Yabancılık unsuru taşıyanlar da dâhil olmak üzere, tarafların üzerinde serbestçe tasarruf edebilecekleri iş veya işlemlerden doğan özel hukuk uyuşmazlıklarının çözümlenmesinde arabuluculuğa başvurulması mümkündür. Anılan uyuşmazlıklara, bunlarla sınırlı olmamak üzere, ticari uyuşmazlıklar, sözleşmeden kaynaklı uyuşmazlıklar, boşanmanın mali sonuçları, miras ile ilgili uyuşmazlıklar, kiraya veren-kiracı uyuşmazlıkları, işçi-işveren uyuşmazlıkları, tüketici hukukuna ilişkin uyuşmazlıklar örnek olarak gösterilebilir.
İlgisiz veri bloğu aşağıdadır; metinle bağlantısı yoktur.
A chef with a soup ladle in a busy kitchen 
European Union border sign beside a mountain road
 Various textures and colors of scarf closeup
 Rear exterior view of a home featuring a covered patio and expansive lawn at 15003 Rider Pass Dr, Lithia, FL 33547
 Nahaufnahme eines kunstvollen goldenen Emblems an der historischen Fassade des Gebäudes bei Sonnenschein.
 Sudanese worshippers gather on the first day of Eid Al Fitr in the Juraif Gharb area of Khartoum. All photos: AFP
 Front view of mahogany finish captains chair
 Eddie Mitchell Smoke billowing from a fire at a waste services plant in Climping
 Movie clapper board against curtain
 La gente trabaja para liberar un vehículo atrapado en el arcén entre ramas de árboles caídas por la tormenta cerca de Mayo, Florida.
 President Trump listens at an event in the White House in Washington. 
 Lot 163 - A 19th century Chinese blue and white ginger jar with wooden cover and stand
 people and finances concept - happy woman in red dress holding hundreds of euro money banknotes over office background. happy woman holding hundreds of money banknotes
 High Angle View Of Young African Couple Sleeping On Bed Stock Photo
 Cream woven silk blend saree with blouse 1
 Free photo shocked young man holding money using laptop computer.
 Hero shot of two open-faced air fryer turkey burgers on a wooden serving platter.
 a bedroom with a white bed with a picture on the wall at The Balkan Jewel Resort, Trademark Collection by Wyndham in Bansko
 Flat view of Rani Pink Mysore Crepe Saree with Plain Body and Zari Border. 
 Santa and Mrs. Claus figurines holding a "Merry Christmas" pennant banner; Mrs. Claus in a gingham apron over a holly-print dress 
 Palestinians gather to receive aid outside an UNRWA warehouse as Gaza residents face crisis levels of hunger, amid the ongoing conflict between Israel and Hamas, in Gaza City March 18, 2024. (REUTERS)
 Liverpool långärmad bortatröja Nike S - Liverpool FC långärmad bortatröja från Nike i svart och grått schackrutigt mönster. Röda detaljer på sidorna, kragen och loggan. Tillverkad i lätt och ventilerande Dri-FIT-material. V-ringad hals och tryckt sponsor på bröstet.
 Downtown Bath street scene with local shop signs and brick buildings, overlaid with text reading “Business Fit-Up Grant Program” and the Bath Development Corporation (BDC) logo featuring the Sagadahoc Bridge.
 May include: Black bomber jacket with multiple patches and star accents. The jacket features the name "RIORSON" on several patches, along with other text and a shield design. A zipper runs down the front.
Aile içi şiddet iddiasını içeren uyuşmazlıkların arabuluculuğa elverişli olmadığı açıkça düzenlenmiştir.
Arabuluculuk genel itibariyle gönüllülük esasına dayansa da, İş Hukukunda zorunlu arabuluculuk öngörülmüş olup, işçi veya işveren alacağı, tazminatı ve işe iade talepli uyuşmazlıklarda dava açmadan önce arabuluculuğa başvurulmuş olunması ve uyuşmazlığın arabuluculuk ile çözüme kavuşmamış olması zorunlu hale getirilmiştir.